Sin duda es un avance gigantesco en participación ciudadana y democracia. En teoría, los participantes deben desarrollar lo contrario a las estrategias repetitivas, corruptas y sometidas de los partidos. Deben rechazar las formas tradicionales de hacer política encarando con valentía a la partidocracia, al sistema. Deben, en todo caso, ser quienes provocan simpatía y no extrañeza.
No ocurre esto en el estado. Si la condición máxima es que sea una figura pública reconocida y respetada, y en torno a él o ella se sumen multitudes, ninguno de los siete aceptados ya por el Instituto Electoral puede dormir en paz. Un ejemplo: a Luis Ortiz le cayó metralla en Chetumal; su aspiración fue calificada como broma de mal gusto y otras formas peyorativas.
Hay que decirlo: quienes buscan ahora ser “candidatos del pueblo” no son una respuesta contundente que sintetice el malestar público; no son anticorrupción; no son capaces de cambiar las condiciones de competencia, equidad y presencia de la ciudadanía durante el proceso, ni buscan conquistar a diversos sectores para incorporarlos a un sistema renovado.
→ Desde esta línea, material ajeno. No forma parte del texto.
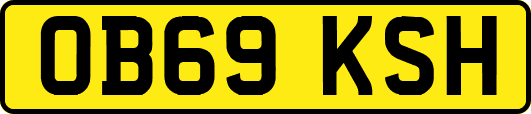 OB69KSH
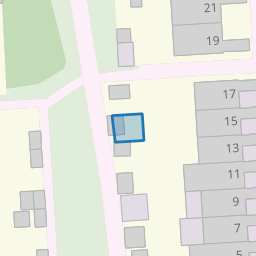 Perceel LLS00-M-2537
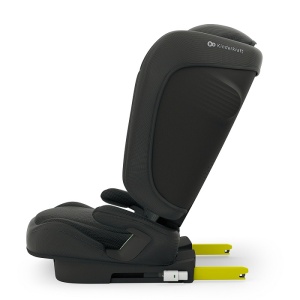 Kinderkraft auto sediste UNITY 2 I-Size BLACK - Img 9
En definitiva, no enarbolan una demanda creciente de la sociedad que busca espacios “no contaminados” de la vida política.
Claro, ello se puede explicar por razones políticamente lógicas. Si bien la característica fundamental es que estas candidaturas son formuladas por ciudadanos, sin mediación de los partidos, la realidad evidencia lo contrario. El diseño jurídico institucional debió imponer barreras difíciles de superar; primero, para evitar la proliferación de independientes sin control; segundo, para no complicar técnicamente las campañas, y tercero, para proteger a los partidos. Esto último, no porque el esquema vigente sea el mejor instrumento, sino porque representa una dinámica financiera con privilegios ilimitados.
Esto también hay que decirlo: las candidaturas ciudadanas son un reclamo cada vez mayor de la sociedad, digan lo que digan sus opositores.
Los problemas, insisto, es que no hay condiciones equitativas de competencia. Aquí no.
Suponen también ideologías confusas y por tanto fugaces, lo cual obliga a este cuestionamiento: si ganan, ¿cómo se institucionalizan?
Generan además desconfianza por la procedencia de sus recursos económicos: puede ser sostenido por personajes con intereses oscuros, lo cual dificulta su regulación y posible castigo.
Pero lo más criticable en el escenario actual es que podrían caer en el chantaje y la simulación; es decir, empeñarse en buscar un “hueso” y nada más. Como sus alianzas son más pragmáticas, podrían jugar a modo por un candidato o una alianza.
De antemano queda claro que la independencia total no existe. Entonces, ¿a quién beneficiarán?
DESORBITADO…
Una de las prerrogativas de los candidatos independientes es que podrán tener acceso igualitario, parejo, a los tiempos de radio y televisión. ¿Imaginan eso? Yo tampoco.